China HY ended soggy with much of the CIFI Holdings and Country Garden curves trading with a 20 handle, the only buyers covering shorts. Much of the sector was down 3pts as was Macau gaming until a quick rally brought it back to unchanged.
IG EM Sovereigns gapped up around 3pts initially, although PHILIP 3.2 07/06/46 managed to squeeze 5pts, fuelled by momentum traders and a bit of residual buying from the overnight activity. The reversal was speedy, following UST’s lower. closing anywhere from up +0.75pt to down -0.50pt and the market was characterized by wider bid-offers spreads.
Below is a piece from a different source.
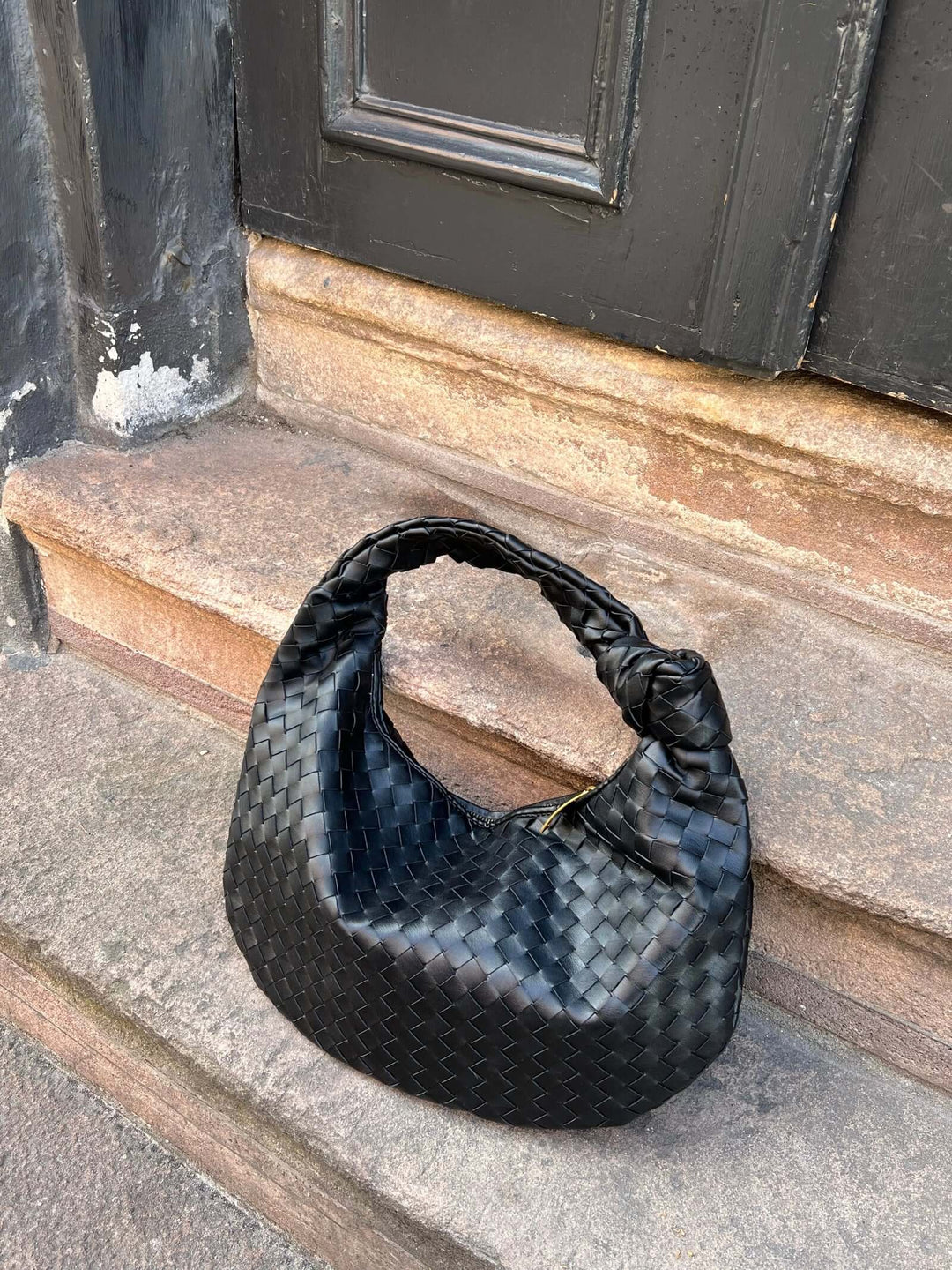 Drune | Tasche Medium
This morning there is some buying interest from pension funds and real money. ETF and Lifers are still better sellers. The Corporate market is lacklustre with China IG opening as much as 5bps wider with down prints focused on 10yr and AT1’s.
Mongolia bonds moved lower this morning on capital control headlines. Local banks are restricting the amount of foreign currency customers can buy. Commercial banks daily limits are down to $300 equivalent per day. MONGOL bonds are down 4 points.
Hawks abound in Central Banking circles now. Fed's Daly says doing too little could mean harsher measures later and that projected rate hikes are necessary and appropriate. Mester says her path is higher than the median path as rates are still not in restrictive territory. In Europe ECB's Simkus opined that 50bps is minimum for October and his choice would be a 75bp hike, "100bp hike would be too much now". He is still cagey about starting to reduce the balance sheet. Britain’s Pill is looking for a “significant and necessary policy response” in November, but is showing a reluctance for an inter-meeting hike.
The Fed minutes showed an optimistic forecast for inflation, everything getting back to sub-3% in a couple of years’ time, but what if we are stuck with higher rates for longer? How will leveraged firms be able to adjust to a higher for longer rates environment, particularly in an era of tepid or even negative growth. Interest coverage ratios will likely revert to levels last seen in the mid 1990’s. GS points out that US high yield issuers had a field day in 2020 and 2021, which pushed the share of bonds maturing in 2yrs to its lowest level for 15 years. But a lot of the capital raised went towards higher dividend pay-outs and share buybacks, limiting the ability to postpone a visit primary market again. Asian HY issuers have not had the luxury of the US issuance window, so will have a rougher ride.